## [Records shown]
"""
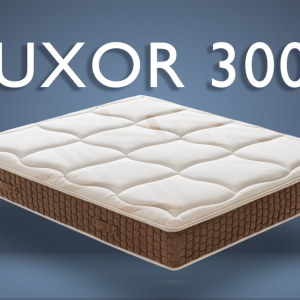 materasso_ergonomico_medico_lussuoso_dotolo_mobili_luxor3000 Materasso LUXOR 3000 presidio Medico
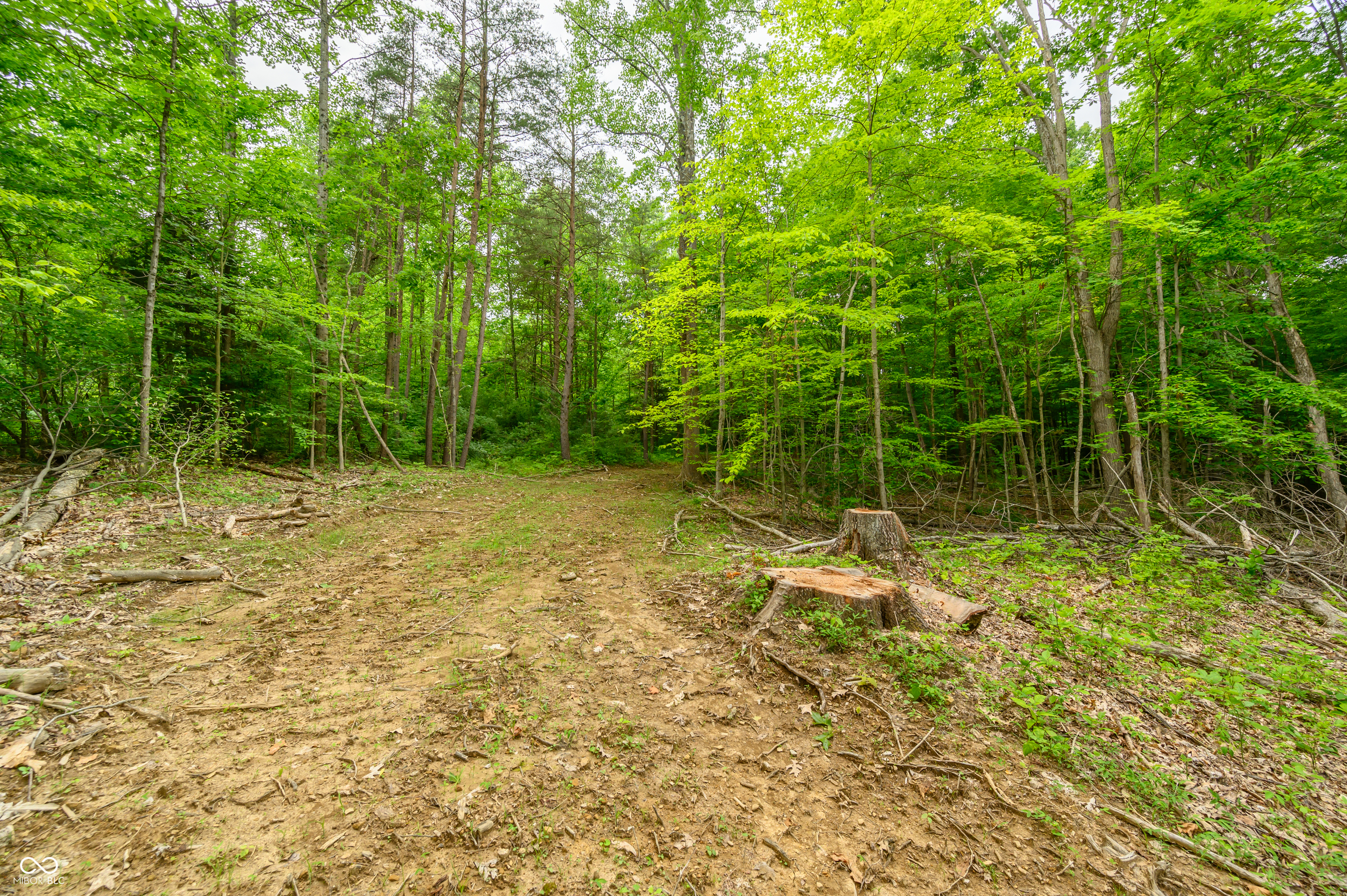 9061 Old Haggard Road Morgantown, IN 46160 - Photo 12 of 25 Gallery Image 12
"""
"""
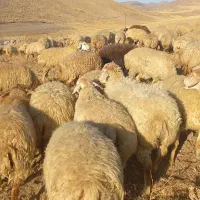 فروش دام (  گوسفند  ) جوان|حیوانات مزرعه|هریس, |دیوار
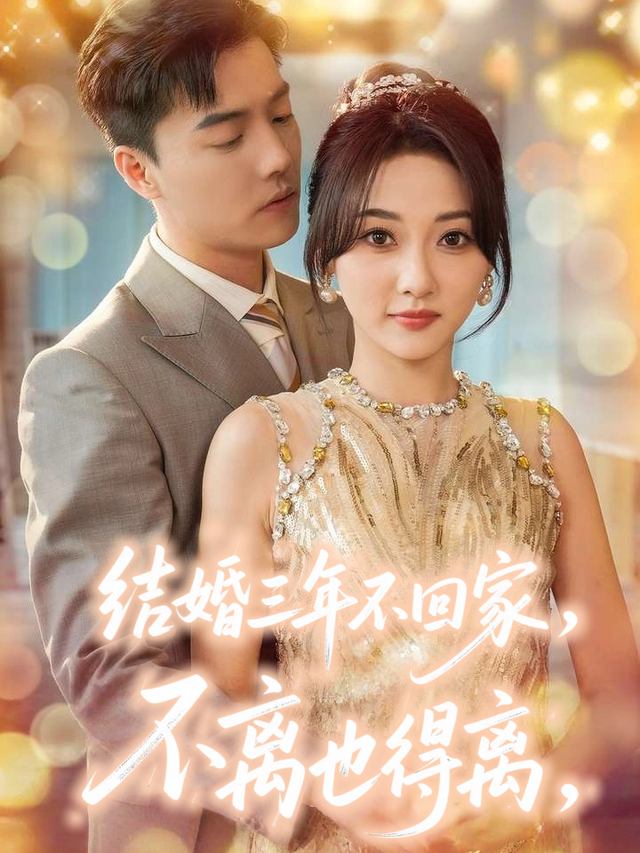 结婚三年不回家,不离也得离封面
"""
## [Assignment]
Using the records above, return verbatim only the part that opens with the line containing "3000 presidio Medico" and closes with the line containing "9061 Old Haggard"; pictures stay out.

## [Output below]
 materasso_ergonomico_medico_lussuoso_dotolo_mobili_luxor3000 Materasso LUXOR 3000 presidio Medico
 9061 Old Haggard Road Morgantown, IN 46160 - Photo 12 of 25 Gallery Image 12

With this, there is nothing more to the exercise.